How not to manage a PR crisis situation in Japan June 8, 2006Posted by fukumimi in Japan, Media.
Update: The administrative vice minister for Land Infrastructure and Transport has expressed his displeasure at Schindler's handling of this issue. He revealed that the MLIT had asked for a list of installations of where the same model lift was installed. Schindler had apparently refused citing customer confidentiality. Given the potentially life threatening nature of the malfunction, that seems to be a completely wrongheaded call.
On saturday, a teenager was killed when he was crushed between the floor and the door frame of a lift, when the lift rose abruptly as he was getting off. Details here.
The lift was manufactured by Schindler Japan. Schindler is the #2 elevator manufacturer in the world (is #1 Otis?) but has just 1% market share in Japan, a market dominated by domestic heavyweights Toshiba, Hitachi, and Mitsubishi Electric.
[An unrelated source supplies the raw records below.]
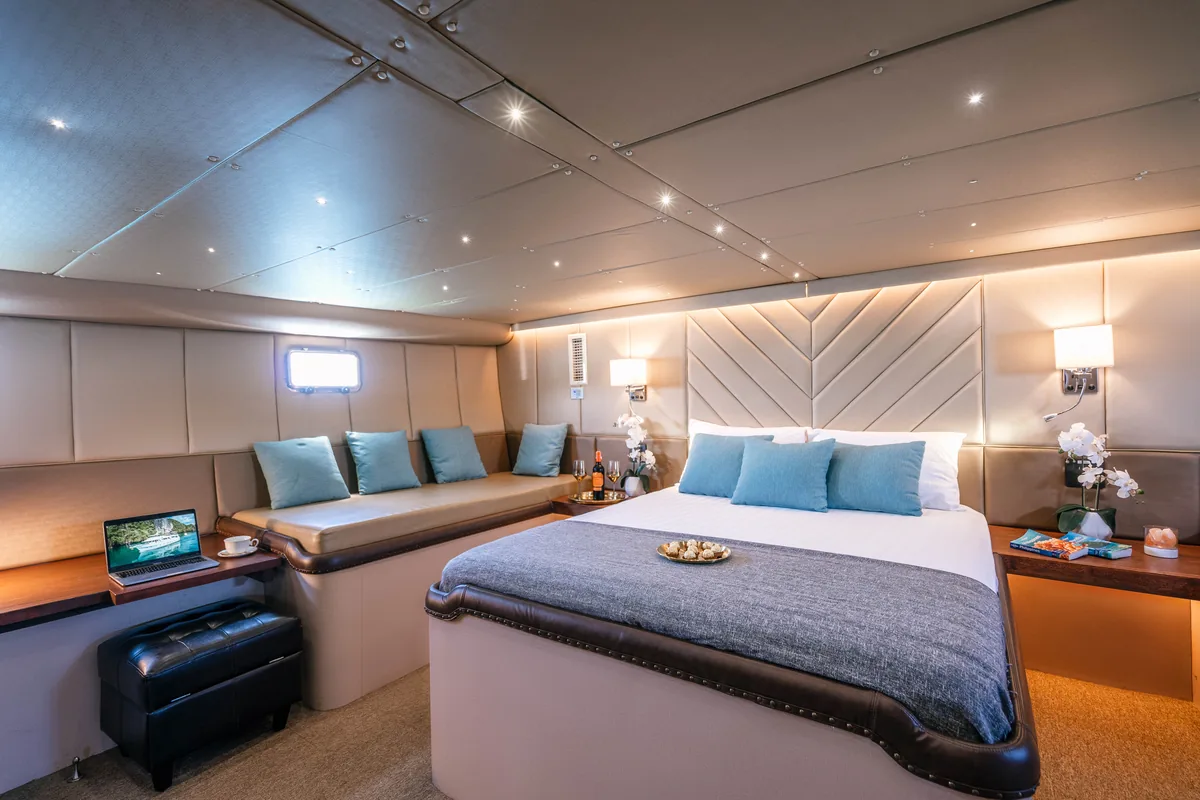 Siam Princess 70 — master cabin with television and seating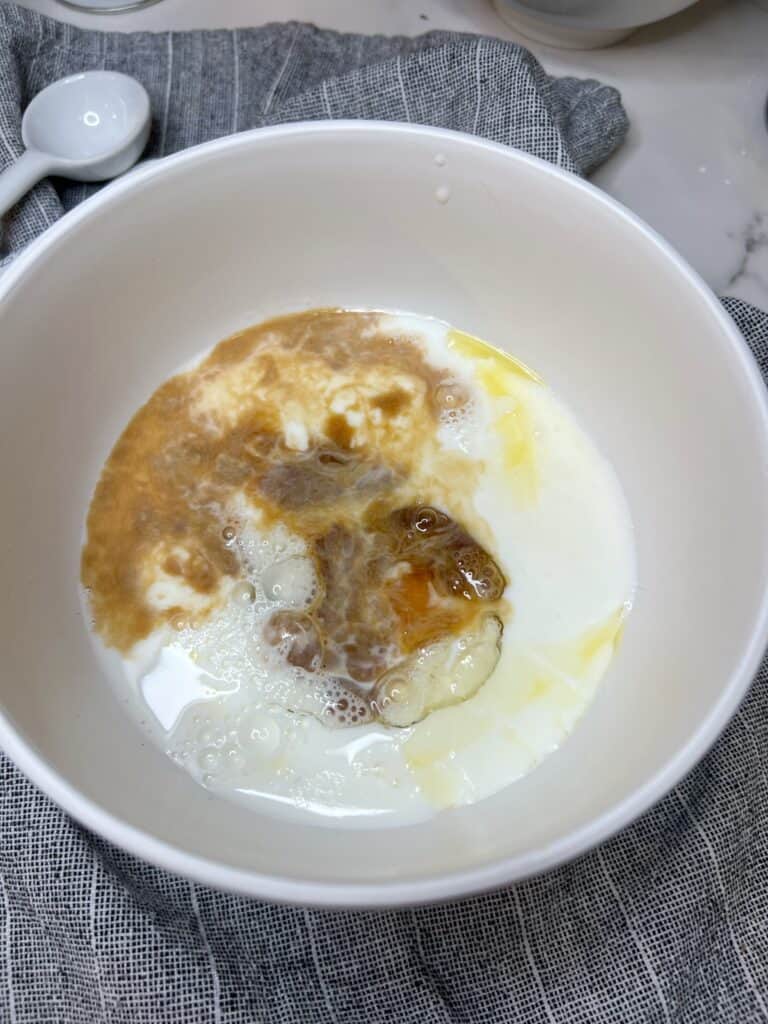 Wet ingredients for super fluffy blueberry pancakes in a bowl. It's a combination of melted butter, sugar, one egg, milk and vanilla.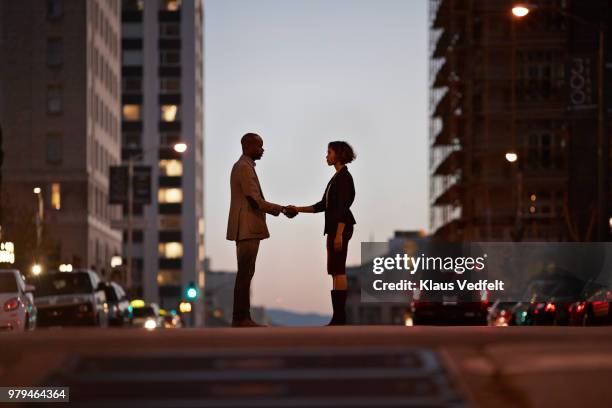 businessman and businesswoman standing on san francisco street and making handshake at night - angesicht zu angesicht stock-fotos und bilder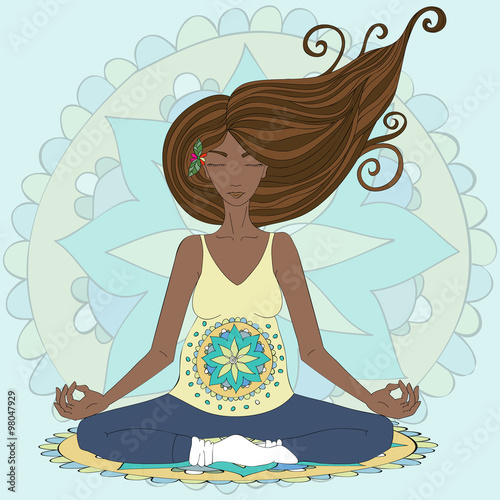 Pregnant black woman practicing lotus asana in meditation.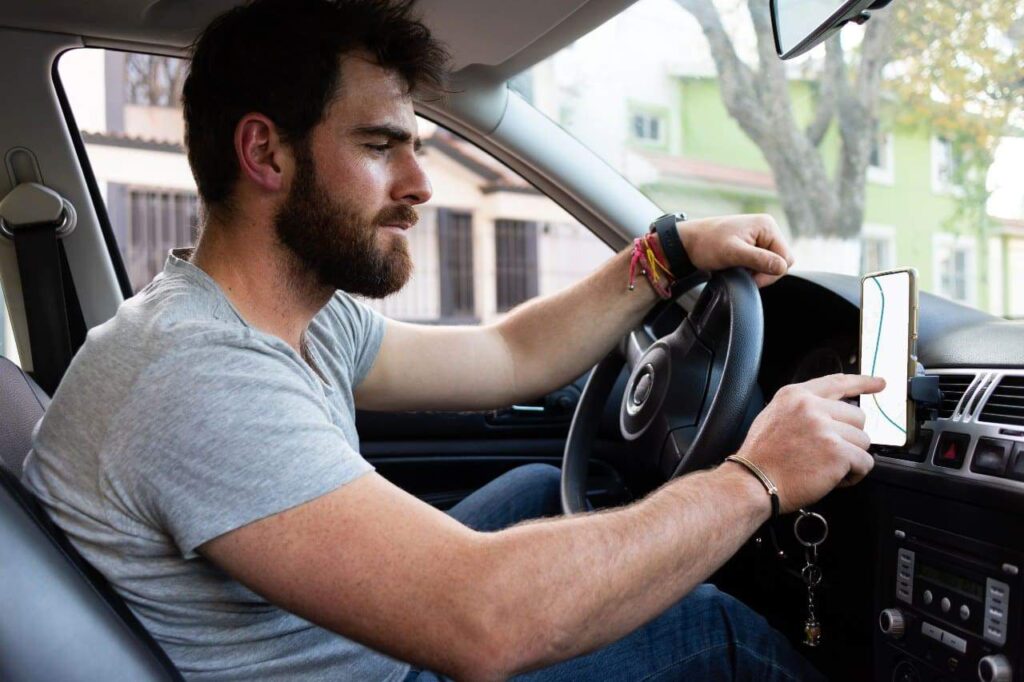 Motorista de aplicativo dentro do carro buscando o destino do seu passageiro no celular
The lift in question is said to have been installed in 1998, and there had been at least 18 reports of problems with this particular unit before this accident since December 2003.
Lift maintenance was performed directly by Schindler until March 2005, a company called Japan Electric Power Service (JEPS) handled maintenance from Apr 2005-Mar 2006, and SEC Elevator is the current maintenance contractor. SEC has announced that it was aware of the fact that the lift in question had problems in the past, but in regular scheduled maintenance since their contract began this april, no problems were found. It is interesting to see that the annual maintenance contract was not renewed with JEPS this year, it will also be interesting to find out why the maintenance contract was switched from Schindler to a third party provider last year.
In any case, Schindler is taking a beating in the media. It has released three announcements regarding the accident, but has not made an apology to the victim's family. The intial statement was a terse 6 line affair which contained a boilerplate condolence message to the family of the victims and stating that the company was cooperating with investigations and therefore no further comment was forthcoming at this time. A second statement was released the next day, as published here (in english also).
Top management has yet to conduct a press conference, and the media repeatedly show the same clip of Ken Smith, the representative director of Schindler Elevator K.K., walking stony faced surrounded by cameras and seemingly ignoring pleas from reporters to make a comment.
This kind of media handling reinforces the Japanese belief that overseas companies and foreign executives thereof are overly sensitive to legal issues at the expense of the moral obligation of victim care. Whilst it is true that Schindler was not currently responsible for maintenance of the lift, they did manufacture the lift and in the public's eyes, they share a portion of the responsibility, at least until proven categorically otherwise.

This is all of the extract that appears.